8. Radikal bebas oksigen


Beberapa sel inflamasi menghasilkan radikal bebas seperti anion superoksida, hidrogen
peroksidase (H2O2), radikal hidroksi (OH), anion hipohalida, oksigen tunggal dan lipid
peroksida. Senyawa tersebut sering disebut senyawa oksigen reaktif. Pada binatang
percobaan, hidrogen peroksida dapat menyebabkan kontraksi otot polos saluran napas.
Superoksid berperan dalam proses inflamasi dan kerusakan epitel saluran napas penderita
asma.
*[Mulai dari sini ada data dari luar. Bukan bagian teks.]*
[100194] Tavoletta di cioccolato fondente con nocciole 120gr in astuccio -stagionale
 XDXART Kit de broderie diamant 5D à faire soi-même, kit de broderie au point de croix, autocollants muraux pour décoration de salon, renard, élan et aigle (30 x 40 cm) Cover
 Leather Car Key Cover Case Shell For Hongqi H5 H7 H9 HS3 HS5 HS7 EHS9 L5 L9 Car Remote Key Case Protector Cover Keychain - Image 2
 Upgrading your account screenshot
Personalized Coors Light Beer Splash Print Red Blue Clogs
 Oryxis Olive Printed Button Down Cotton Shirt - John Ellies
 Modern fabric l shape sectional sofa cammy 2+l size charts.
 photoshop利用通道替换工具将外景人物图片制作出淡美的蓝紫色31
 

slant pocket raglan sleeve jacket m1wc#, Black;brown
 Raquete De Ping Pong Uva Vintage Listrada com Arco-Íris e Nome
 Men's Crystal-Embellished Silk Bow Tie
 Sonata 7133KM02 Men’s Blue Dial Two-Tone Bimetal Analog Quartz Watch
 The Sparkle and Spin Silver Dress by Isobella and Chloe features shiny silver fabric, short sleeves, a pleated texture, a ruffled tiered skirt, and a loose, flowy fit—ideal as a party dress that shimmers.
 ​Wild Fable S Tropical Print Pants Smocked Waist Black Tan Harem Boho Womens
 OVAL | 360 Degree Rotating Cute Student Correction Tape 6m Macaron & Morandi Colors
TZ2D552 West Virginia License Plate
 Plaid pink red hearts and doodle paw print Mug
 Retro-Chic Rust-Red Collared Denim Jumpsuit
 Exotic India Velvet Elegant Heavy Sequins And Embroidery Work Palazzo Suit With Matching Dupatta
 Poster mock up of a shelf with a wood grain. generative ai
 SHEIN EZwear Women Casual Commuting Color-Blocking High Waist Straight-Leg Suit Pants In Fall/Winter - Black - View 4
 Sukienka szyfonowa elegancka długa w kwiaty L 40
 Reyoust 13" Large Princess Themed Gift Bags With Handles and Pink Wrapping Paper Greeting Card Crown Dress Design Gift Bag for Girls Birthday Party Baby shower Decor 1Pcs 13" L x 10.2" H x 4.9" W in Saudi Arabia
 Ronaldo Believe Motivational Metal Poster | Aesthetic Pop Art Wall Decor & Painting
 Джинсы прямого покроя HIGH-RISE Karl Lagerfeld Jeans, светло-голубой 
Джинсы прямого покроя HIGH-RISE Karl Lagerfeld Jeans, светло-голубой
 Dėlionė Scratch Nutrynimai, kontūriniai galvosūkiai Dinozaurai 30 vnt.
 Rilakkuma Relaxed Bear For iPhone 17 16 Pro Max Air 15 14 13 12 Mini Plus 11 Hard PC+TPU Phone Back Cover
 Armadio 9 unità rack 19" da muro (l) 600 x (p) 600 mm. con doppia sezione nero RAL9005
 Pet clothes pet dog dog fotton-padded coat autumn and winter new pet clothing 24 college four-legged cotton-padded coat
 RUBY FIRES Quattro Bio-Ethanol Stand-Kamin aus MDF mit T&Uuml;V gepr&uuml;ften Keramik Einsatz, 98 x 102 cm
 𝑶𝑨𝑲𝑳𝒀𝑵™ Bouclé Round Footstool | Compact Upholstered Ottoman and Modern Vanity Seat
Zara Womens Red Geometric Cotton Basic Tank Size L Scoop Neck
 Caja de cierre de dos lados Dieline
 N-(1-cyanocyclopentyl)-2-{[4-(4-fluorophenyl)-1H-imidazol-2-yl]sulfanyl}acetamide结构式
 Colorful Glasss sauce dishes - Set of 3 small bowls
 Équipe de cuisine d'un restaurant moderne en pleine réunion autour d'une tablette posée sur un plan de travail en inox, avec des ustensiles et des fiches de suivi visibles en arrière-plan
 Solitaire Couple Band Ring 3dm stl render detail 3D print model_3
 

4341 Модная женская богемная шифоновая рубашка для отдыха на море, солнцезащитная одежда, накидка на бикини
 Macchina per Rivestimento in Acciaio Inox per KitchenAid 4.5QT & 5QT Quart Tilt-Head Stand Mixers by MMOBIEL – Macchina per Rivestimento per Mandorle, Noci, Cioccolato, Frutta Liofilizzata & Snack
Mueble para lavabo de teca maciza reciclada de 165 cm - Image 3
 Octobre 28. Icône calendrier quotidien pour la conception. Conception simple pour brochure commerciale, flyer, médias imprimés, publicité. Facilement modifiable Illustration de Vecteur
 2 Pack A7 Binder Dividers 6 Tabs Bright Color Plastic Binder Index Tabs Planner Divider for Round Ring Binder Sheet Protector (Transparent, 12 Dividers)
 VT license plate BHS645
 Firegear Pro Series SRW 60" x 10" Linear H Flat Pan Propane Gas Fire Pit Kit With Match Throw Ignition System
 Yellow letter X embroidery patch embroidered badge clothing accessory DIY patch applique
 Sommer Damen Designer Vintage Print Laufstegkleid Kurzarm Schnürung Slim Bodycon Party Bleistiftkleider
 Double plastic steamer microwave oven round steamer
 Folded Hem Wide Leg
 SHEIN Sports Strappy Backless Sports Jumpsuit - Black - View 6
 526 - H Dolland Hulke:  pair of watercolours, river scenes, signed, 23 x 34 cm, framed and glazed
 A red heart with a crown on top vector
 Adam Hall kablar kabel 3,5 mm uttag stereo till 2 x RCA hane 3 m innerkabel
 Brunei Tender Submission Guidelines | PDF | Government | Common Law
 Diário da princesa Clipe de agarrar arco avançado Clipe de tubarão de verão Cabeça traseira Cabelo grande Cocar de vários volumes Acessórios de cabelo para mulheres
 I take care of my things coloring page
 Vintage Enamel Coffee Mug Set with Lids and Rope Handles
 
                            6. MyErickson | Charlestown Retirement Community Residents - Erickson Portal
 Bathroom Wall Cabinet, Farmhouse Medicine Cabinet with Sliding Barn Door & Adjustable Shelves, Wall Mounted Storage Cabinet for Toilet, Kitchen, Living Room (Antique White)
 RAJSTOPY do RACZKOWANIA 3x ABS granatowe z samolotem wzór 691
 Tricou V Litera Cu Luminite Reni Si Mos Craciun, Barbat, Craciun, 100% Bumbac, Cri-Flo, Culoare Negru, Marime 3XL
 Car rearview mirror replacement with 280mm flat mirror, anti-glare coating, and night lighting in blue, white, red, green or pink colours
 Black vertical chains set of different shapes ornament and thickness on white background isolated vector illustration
Jumlah oksidan yang berlebihan pada saluran napas akan menyebabkan
bronkokonstriksi, hipersekresi mukus dan kebocoran mikrovaskular serta peningkatan
respons saluran napas. Radikal bebas oksigen dapat merusak DNA, menyebabkan
pembentukan peroksida lemak pada membran sel dan menyebabkan disfungsi reseptor β
adrenergik saluran napas.

9. Bradikinin
Berasal dari kininogen berat molekul tinggi pada plasma lewat pengaruh kalikrein dan
kininogenase. Secara in vivo merupakan konstriktor kuat saluran napas dan secara in vitro
merupakan konstriktor lemah. Pada penderita asma bradikinin merupakan aktivator saraf
sensoris yang menyebabkan keluhan batuk dan sesak napas, menyebabkan eksudasi
plasma, meningkatkan sekresi sel epitel dan kelenjar submukosa. Bradikinin dapat
merangsang serat C sehingga terjadi hipersekresi mukus dan pelepasan takikinin.

10. Neuropeptida
Neuropeptida seperti substan P (SP), neurokinin A dan calcitonin gene-related peptide
(CGRP) terletak di saraf sensorik saluran napas. Neurokinin A menyebabkan
bronkokonstriksi, substan P menyebabkan kebocoran mikrovaskular dan CGRP
menyebabkan hiperemi kronik saluran napas.

11. Adenosin
Merupakan faktor regulator lokal, menyebabkan bronkokonstriksi pada penderita asma.
Secara in vitro merupakan bronkokonstriktor lemah dan berhubungan dengan pelepasan
histamin dari sel mast.

Mekanisme saraf
Berbagai proses yang terjadi pada asma dapat disebabkan melalui mekanisme saraf yaitu
mekanisme kolinergik, adrenergik dan nonadrenergik nonkolinergik. Kontrol saraf pada
saluran napas sangat kompleks.

1. Mekanisme kolinergik
Saraf kolinergik merupakan bronkokonstriktor saluran napas dominan pada binatang
dan manusia. Peningkatan refleks bronkokonstriksi oleh kolinergik dapat melalui
neurotransmiter atau stimulasi reseptor sensorik saluran napas oleh modulator inflamasi
seperti prostaglandin, histamin dan bradikinin.

2. Mekanisme adrenergik
Saraf adrenergik melakukan kontrol terhadap otot polos saluran napas secara tidak
langsung yaitu melalui katekolamin/ epinefrin dalam tubuh. Mekanisme adrenergik
meliputi saraf simpatis, katekolamin dalam darah, reseptor α adrenergik dan reseptor β
adrenergik. Perangsangan pada reseptor α adrenergik menyebabkan bronkokonstriksi dan
perangsangan reseptor β adrenergik akan menyebabkan bronkodilatasi.

3. Mekanisme nonadrenergik nonkolinergik (NANC)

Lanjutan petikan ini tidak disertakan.